Yu-Gi-Oh! Rogue Report: Spooky Tistina

Carter Kachmarik
July 26, 2023


It’s always the decks you least expect to make an impact on you that suddenly take up all your attention, and for me, that’s been Tistina.  Debuting in Duelist Nexus, this TCG-Exclusive deck has been mostly shrugged-off by the playerbase, although some careful brewing has led me to a version of the deck I feel may genuinely have staying power.  It is a pile, certainly, but one that makes great use of a variety of tools in the game currently that have yet been untapped.  First among these are the Scareclaw, a swarm strategy that tries to clear the boards through turning things to Defense Position, and Ghostrick, a “1-card” engine in the Main Deck that turns any ability to make a Rank 3 into Number F0: Utopic Draco Future.  We’ll see how these connect in a bit, but for now, have an open mind, and we’ll dive into what I’m dubbing ‘Spooky Tistina’.

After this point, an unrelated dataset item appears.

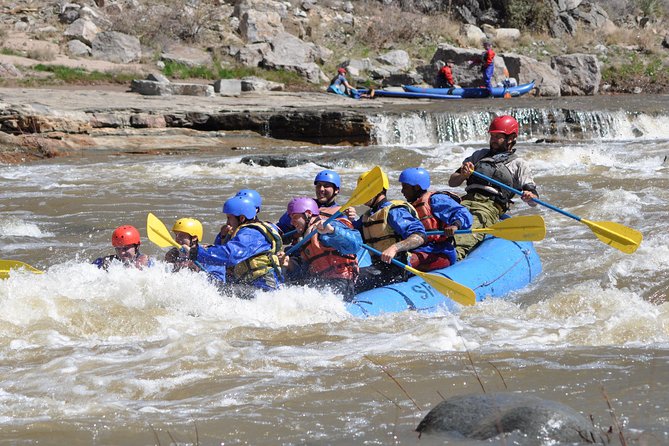 Classic Salt River Raft Trip - The 10 a.m. meeting at Salt River Bridge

As we covered last week, Tistina is an archetype that you have to evaluate for the purposes of swarming with Link Material, not necessarily for its gimmick.  While the setting effects will come up, more than anything, you’re looking to do some form of the 1.5 card Sentinel of the Tistina line as your opening play every game, which is as follows.  Normal Summon Sentinel, destroy a set card, add Demigod of the Tistina, who summons itself to add Breath of the Tistina, which then has to set a monster (preferably your opponents’), to search Hound of the Tistina, who you can get out of hand with the extra Normal Summon.  Both of your little Tistinas are then legal to reborn, giving you essentially 5 material to work with, and a mid-combo Book of Moon.

Where Spooky Tistina begins to get interesting is the material requirement for Scareclaw Tri-Heart; normally it takes a lot of resources to bring him out, which you then recoup via his effect, but with the Tistinas, not only can we set an opponent’s monster, but also readily bring him out with the protection of I:P Masquerena.  You simply link off Sentinel & Hound for I:P, reborn both, and use I:P, Demigod, and Hound for Tri-Heart, leaving Sentinel onboard.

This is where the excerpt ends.